Sábado, 3.
Ontem à noite telefonou-me o Corregedor nestes termos: “Quero fazer-te um convite que não podes de maneira nenhuma recusar.” Queria o meu amigo convidar-me para passar uma semana com ele e a família, num local perto de Caminha onde há muitos anos eles passam o mês de Agosto. Recusei com o argumento verdadeiro que tenho cá os meus sobrinhos por uns dias e hoje mesmo vem a tia Júlia almoçar connosco. Ficou decepcionado e logo me propôs uma semana mais adiante. Que eu não posso também aceitar por não ter quem regue árvores e flores, dê comida e água fresca ao Black. E no entanto que recordações guardo do Festival de Vilar dos Mouros na terra ao lado, quando lá fui com o Pedro, o João, suponho o Alberto. Esse registou está descrito em páginas desse ano memorável. Éramos jovens e a tudo nos permitíamos.

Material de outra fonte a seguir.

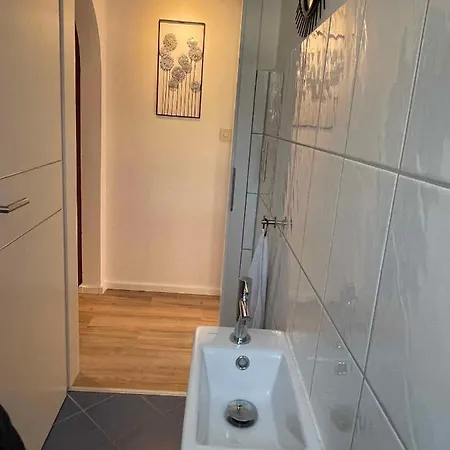 Апартаменты In - Franken 40833 *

- Vou rastejando como posso pelas páginas do livro de Mário Cláudio, Diário Incontínuo. Página 140 este mimo, este doce-amargo em forma de naco de prosa:
“A reiterada abordagem, mantida com sem escassa constância inovadora, do tema da “identidade nacional” constitui, a meu ver, a marca mais interessante de uma época que, sobremaneira preocupada com o presente, buscou no passado as coordenadas dele, sem curar de saber se a literatura, enquanto produto de criatividade, chegara ou não chegara ao fim. Nisso se investira, até aos últimos anos, boa doze de uma certa sageza prática, que julgo ter-se vindo a perder, com uma ou outra excepção, se atentarmos nas mais recentes amostras de escrita que temos, a pontos de se falar de um deserto de valores, quando penso manifestar-se, apenas, uma pausa terapêutica, para a dilucidação do valor que nos assiste. Isto não equivale a desistir de reconhecer que, em tal perda, numa outra medida, se vêm exprimindo as delectérias consequências do péssimo pragmatismo político vigente, o qual substitui, à descoberta do olhar unificante, o reclame de inúmeras soluções infalíveis, rapidamente tiradas da manga do prestidigitador em cena, com o que se está relegando o trabalho de reflexão mental, e a expressão do efectivo talento, para uma prateleira de coisas inúteis, quando não de rotuladas indignidades.” Ufa! Perceberam? Eu patavina... Que cansaço, que denso nevoeiro a trinchar para descobrirmos o que o autor quer dizer num texto embrulhado de literatices. Escrever simples, correctamente e com clareza, é talento só para alguns. Pessoalmente, detesto o novo-riquismo não só no comportamento como na literatura.